The film is presented in the original Dutch mono soundtrack only (with optional English subtitles in yellow) and there is really nothing else to be said except it does the job nicely. Dialogue is clear and hiss-free, and the music (consisting of a ‘70s laidback jazz soundtrack) comes across very well.
This DVD was released as part of Anchor Bay’s ‘Paul Verhoeven Collection’ and the extras they have gathered for this release are pretty good. First of all, the disc has static menus accompanied by music from the film. The film itself is contained on a generous 29 chapters.
The extras consist of a photo gallery of 31 production stills, a (subtitled) theatrical trailer (in widescreen), detailed talent biographies of director Paul Verhoeven and stars Rutger Hauer and Monique van de Ven, and a characteristically appealing commentary from the madman himself, Paul Verhoeven.

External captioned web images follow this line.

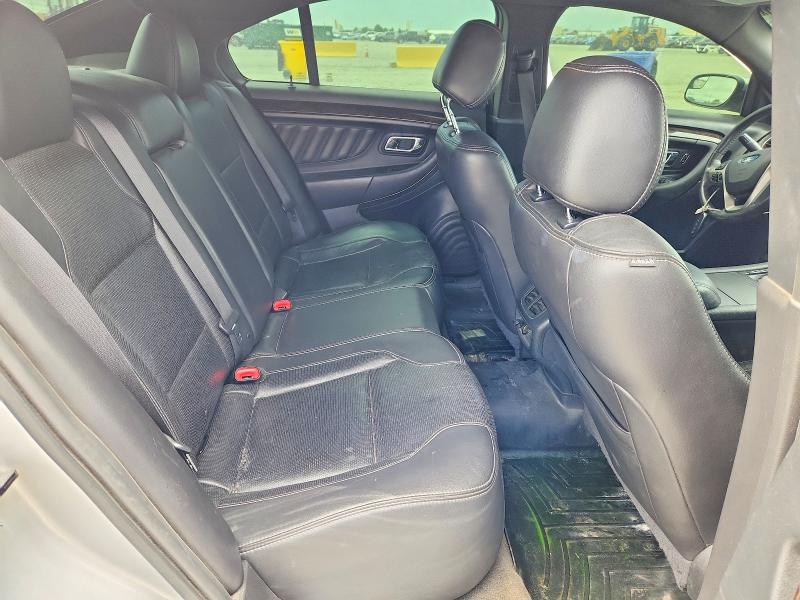 Продажа на аукционе авто 2015 Ford Taurus, vin: 1FAHP2F83FG170558, номер лота: 54550986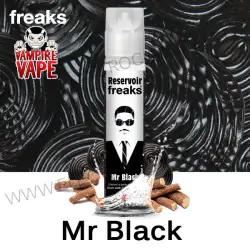 Mr Black - Réservoir Freaks - ZHC 50ml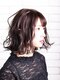 リベルタ ヘア デザイン(liberta hair design)の写真/グリーンに囲まれた落ち着いた雰囲気でリラックス♪あなたの"なりたい"を叶えてくれます☆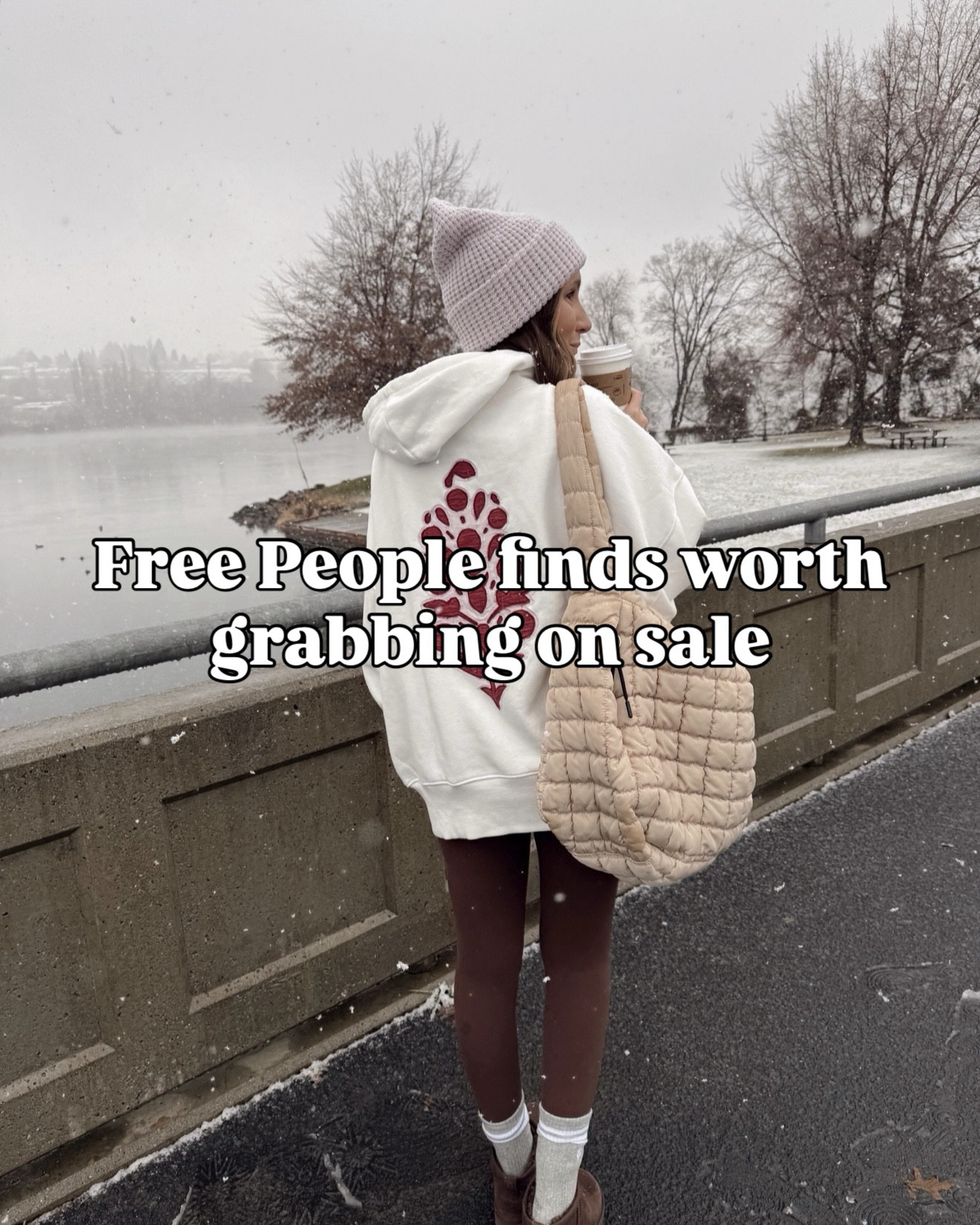 One of the best sales of the year is here and it ends tonight! Get up to 25% off your @freepeople and @fpmovement orders! Here are some of the pieces I wear frequently and are totally worth grabbing!

FPmovement | free people | free people finds | fleece vest | puffer vest 

#LTKSaleAlert #LTKStyleTip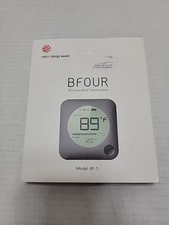 Termômetro de grelha sem fio BFOUR, termômetro de carne Bluetooth, mea digital para churrasco..., usado comprar usado  Enviando para Brazil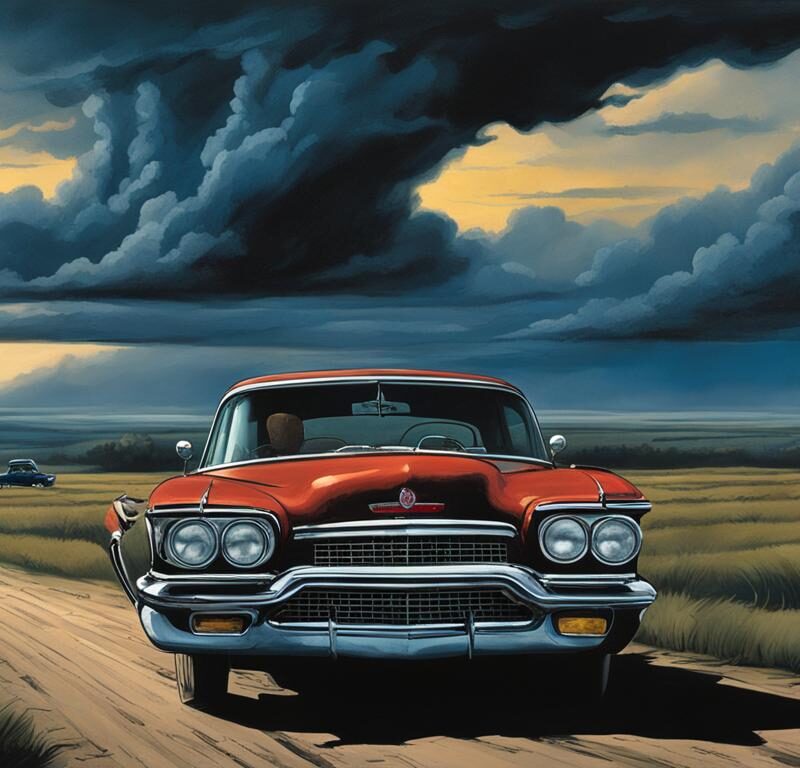 stephen king from a buick 8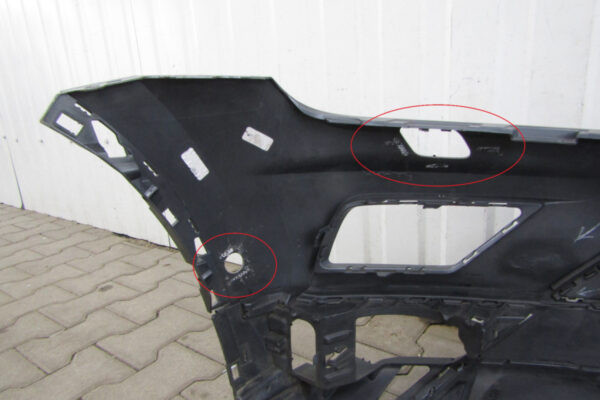 Bumper VW Tiguan 5NN Allspace 17-21 5NN807221 Voorbumper MK3994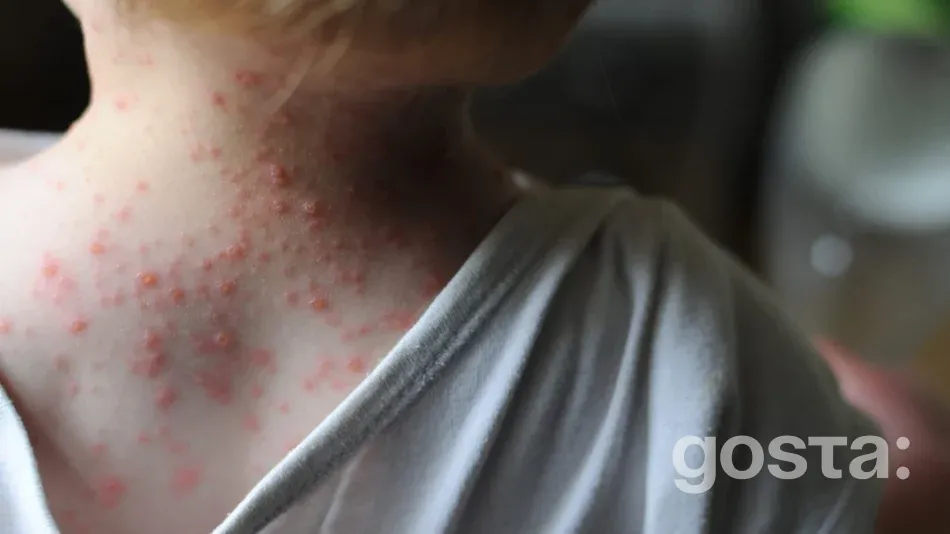 Ways chickenpox spreads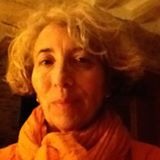 photo portrait Sylviane Ruffin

In it, he describes his working relationship with long-time collaborators like DoP Jan de Bont (now, of course, a well-known director in his own right with Speed, Twister, etc.) and Rutger Hauer (who, it is mentioned, had a turbulent relationship with the director on the subsequent films they made together.) Verhoeven also discusses writer Jan Wolkers and the liberties he took in translating the author’s novel to the screen, the technical improvisations brought about by the film’s budgetary constraints as well as the technical errors that were made during production, what he believes works in the film and what doesn’t, and so on. He also talks about the film’s themes of sex, love and death, his use of symbolism throughout the movie, his reasons for choosing the actors, even discussing the differences between Dutch and American filmmaking sensibilities from a director’s point-of-view. If his commentary is a little too over-explanatory at times, at least it is never dull and it offers some interesting insights into Verhoeven’s filmmaking philosophy.
The audio and video are well up to scratch and the extras are better than average. The film itself is one of Verhoeven’s finest earlier works so if you enjoy his incendiary brand of filmmaking, then this is the DVD for you.